Un ton délibérément d’aujourd’hui
Opéra de l’utopie célébrant à la fois la défaite des tyrans et l’héroïsme de
l’amour conjugal, Fidelio qui connut trois versions différentes est avant
tout un chef d’œuvre hybride où le singspiel allemand avec ses dialogues
parlés alterne avec des matières orchestrales composées sur le modèle des
symphonies dont il était le génial ordonnateur. Deux titres, Leonore puis
Fidelio, trois versions, - 1804/1806/1814 – autant d’ouvertures, des duos,
des trios ajoutés puis supprimés… C’est généralement la dernière version de
1814 qui est jouée, mais ici Sylvain Cambreling y ajoute l’ouverture
intitulée Leonore1 ainsi que le trio Marzelline/Jacquino/Rocco du premier
acte. Pourquoi pas ? On n’y trouverait rien à redire si la musique était
servie dans sa magnificence originelle et le feu de sa passion. Mais les
battues de Cambreling oscillent entre sécheresse et mollesse, et, malgré
quelques passages où il permet au lyrisme de reprendre ses droits,
l’ensemble est plus pesant qu’émouvant. Les dialogues réécrits par Martin
Mosebach sont simples et directs, le ton, délibérément d’aujourd’hui, est
joué avec naturel comme au théâtre, avec des silences qui en disent longs.

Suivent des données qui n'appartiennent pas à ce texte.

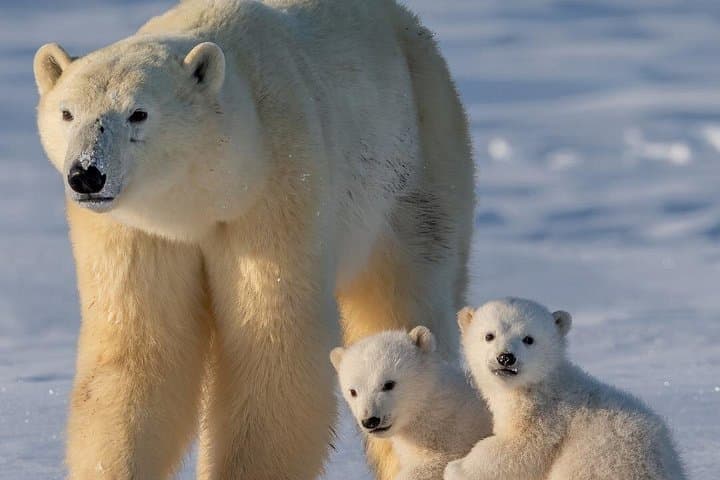 2-Day Lapland Adventure: Husky Rides, Snowmobile Aurora Chase & Ranua Zoo photo 3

Jonas Kaumann transfigure Florestan
Mais pour l’émotion, les chanteurs heureusement la chauffent à blanc. A une
seule exception près, la distribution pourrait se qualifier d’idéale :
Franz-Josef Selig, tant de fois déjà entendu à l’Opéra de Paris et chaque
fois magnifique, reste en Rocco un modèle d’humanité tandis qu’Alan Held,
baryton basse américain fait de Pizzaro l’archétype du bourreau paranoïaque,
exécuteur zélé de toutes les basses œuvres, Marzelline a le charme et la
fraîcheur, de timbre et d’allure de la jeune soprano allemande Julia Kleiter
tandis que Jaquino s’offre la naïveté un rien pataude du ténor tchèque Ales
Briscein. Point culminant de la distribution le ténor Jonas Kaufmann aux
graves de velours frappé transfigure Florestan dès son apparition, vautré
sur ses chaînes, et dès le premier son émis. L’exception, si on peut
dire, est celle du rôle titre, rôle réputé inchantable confié à la soprano
Angela Denoke, une habituée elle aussi de la scène de l’Opéra de Paris où
elle nous enchanta si souvent. Manifestement elle n’a ni la tessiture idéale
pour le rôle de cette femme qui se fait passer pour un homme, ni sa
projection, ni son ampleur. Même la justesse lui fait ici ou là carrément
défaut. Mais son engagement et son jeu pathétique compensent si bien ses
faiblesses qu’on finit par croire en elle. Et par l’aimer.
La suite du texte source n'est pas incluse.